アサヒビールの屈辱、なぜ11年ぶりにキリンに逆転され首位陥落?スーパードライ時代の終焉

海外企業の大型M&Aを推進

 次期社長になる勝木氏はアサヒビールの子会社、ニッカウヰスキーに入社。2002年に転籍した異色の経歴の持ち主だ。豪州の現地法人のトップを務めるなど「国際派の第一人者」(小路社長)といわれている。「逆境は大好き」と言い切るところが勝木氏の面目躍如たるところか。「不撓不屈でいれば通ずる」がモットーだ。

 小路─勝木のコンビで、16年から17年にかけて西欧や中東欧のビール会社を合計1兆2000億円を投じて買収。20年6月には豪ビール大手カールトン&ユナイテッドブルワリーズを1兆1000億円で手に入れるなど、海外企業の大型M&A(合併・買収)を進めてきた。その結果、20年12月決算で海外売上高は39%(小路氏が社長に就任する以前は15%)に高まった。

 しかし、海外ではどのビール会社もアルコール類のM&Aで成功した例は少ない。勝木氏は「ロンドンなど欧州の主要都市でスーパードライの販路を広げ、2030年までにブランド別の世界販売ベスト10入りを目指す」としている。しかし、「海外展開の見通しは甘い」(世界のビール市場に詳しいアナリスト)といった厳しい見方もある。スーパードライは世界のビールブランドで現在19位にすぎない。

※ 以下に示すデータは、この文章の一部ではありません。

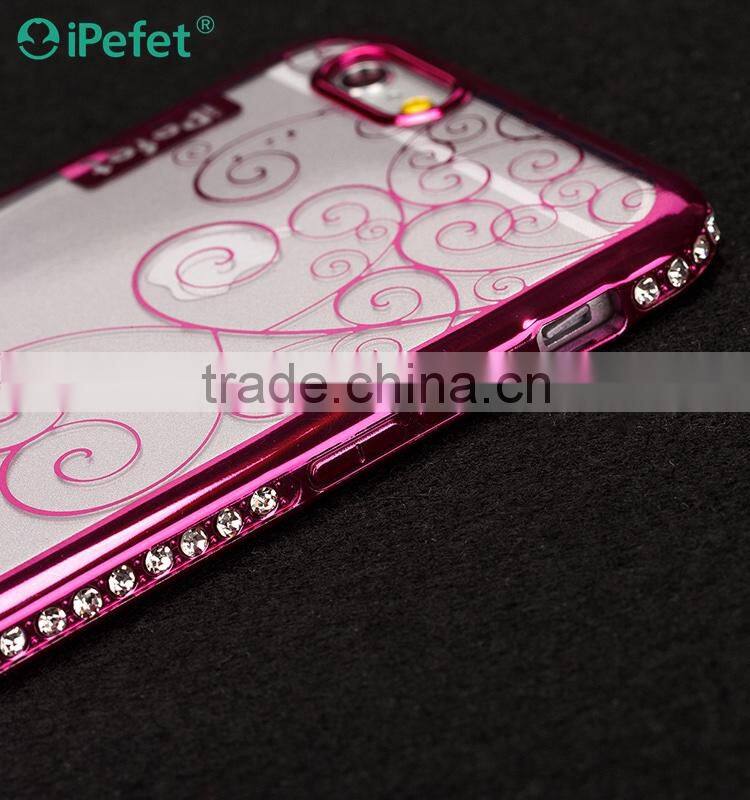 Electroplating Diamond Bumper Clear Crystal TPU Mobile Phone Case Cover For iPhone 6/s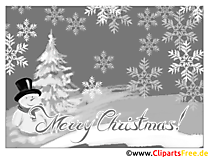 Schwarz weisse Grusskarte zu Weihnachten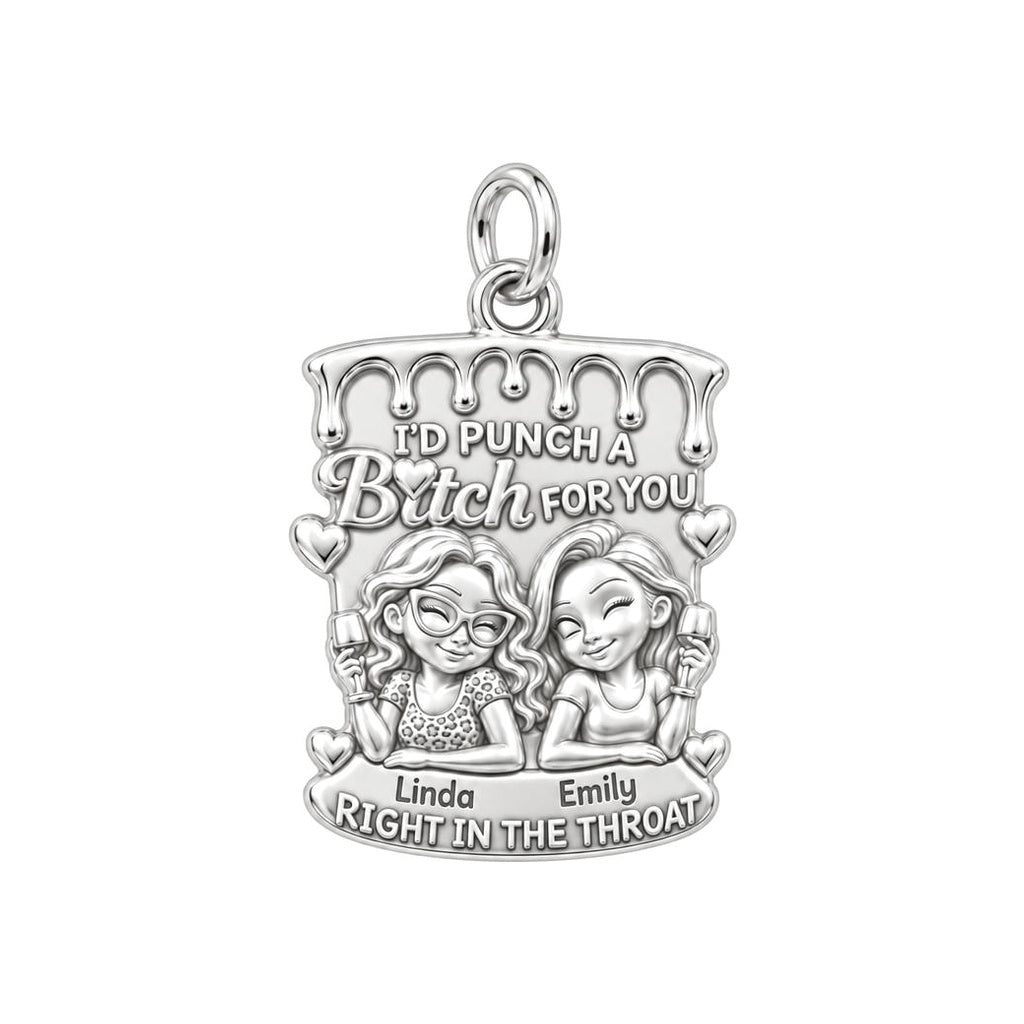 Loyal Bestie Wine Night Charm Bracelet – Personalized Friend Gift – silver plated 3 cm charm, front view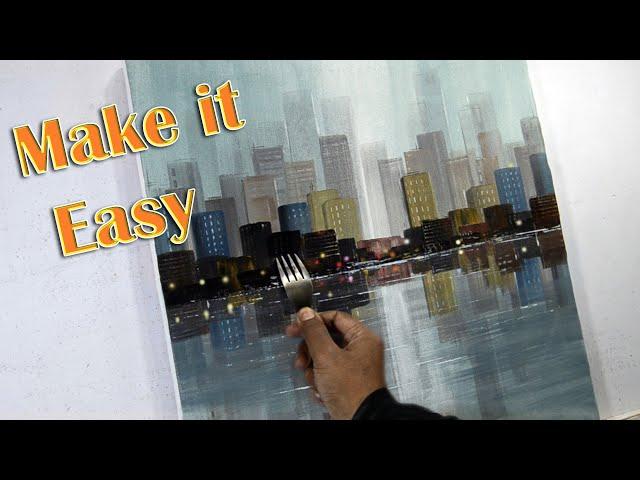 Easy Technique To Paint A Cityscape Painting / Acrylic Painting For Beginners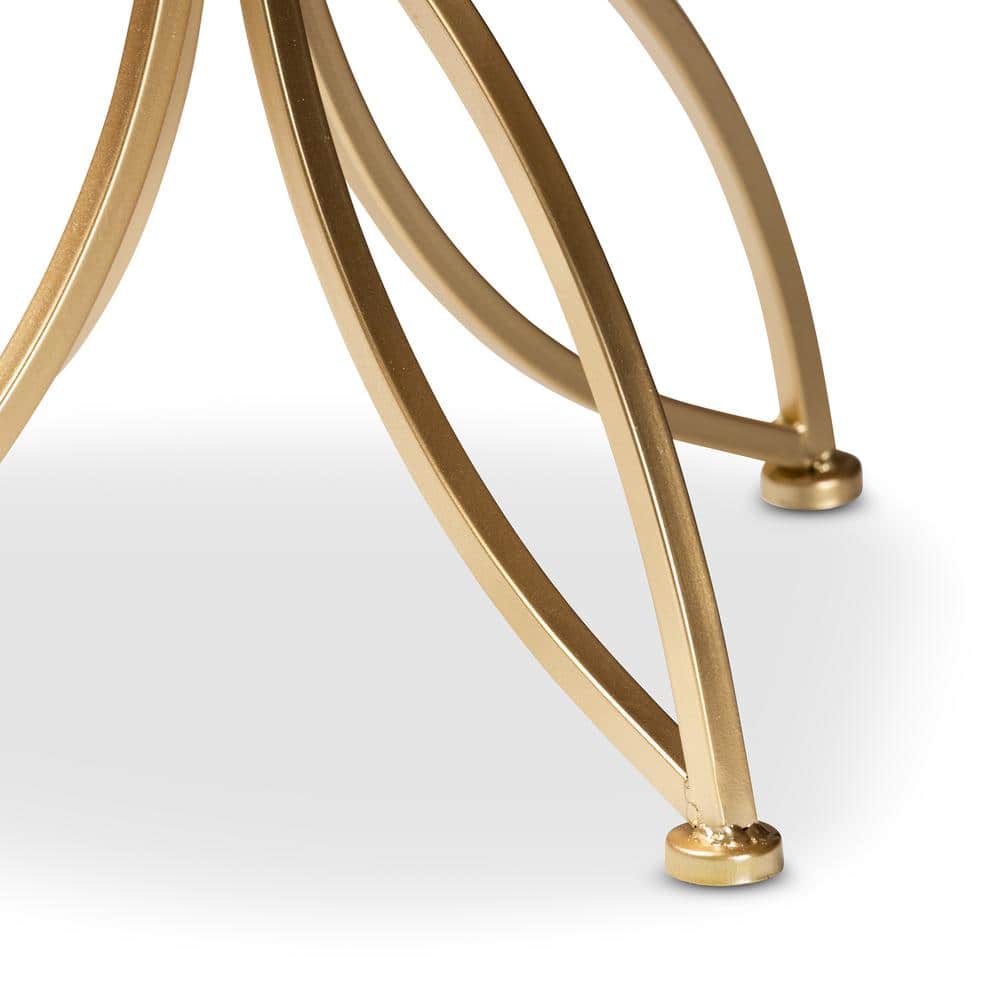 Jaclyn White Marble and Gold Metal Round Accent Table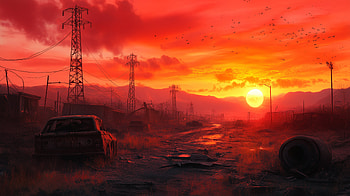 Post-Apocalyptic Sunrise, post apocalyptic, sunrise HD wallpaper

 コロナ後の海外市場はノンアルコールがカギを握るという指摘もある。キリンは乳酸菌飲料の展開を進めている。サントリーホールディングスはお茶と水。「アサヒは何をやるのか。そのあたりが、勝木氏の手腕が問われるところだ。国内はポスト・スーパードライだ」(外資系証券会社の食品担当のアナリスト)。

 勝木氏は3月5日付読売新聞のインタビューに応じ、「国内に55カ所ある営業拠点を4月以降、26カ所に順次集約させる」方針を示した。アサヒGHD傘下のビール、飲料、食品の営業拠点を一体化するという。社長就任早々、改革に挑む勝木氏の手腕が問われる。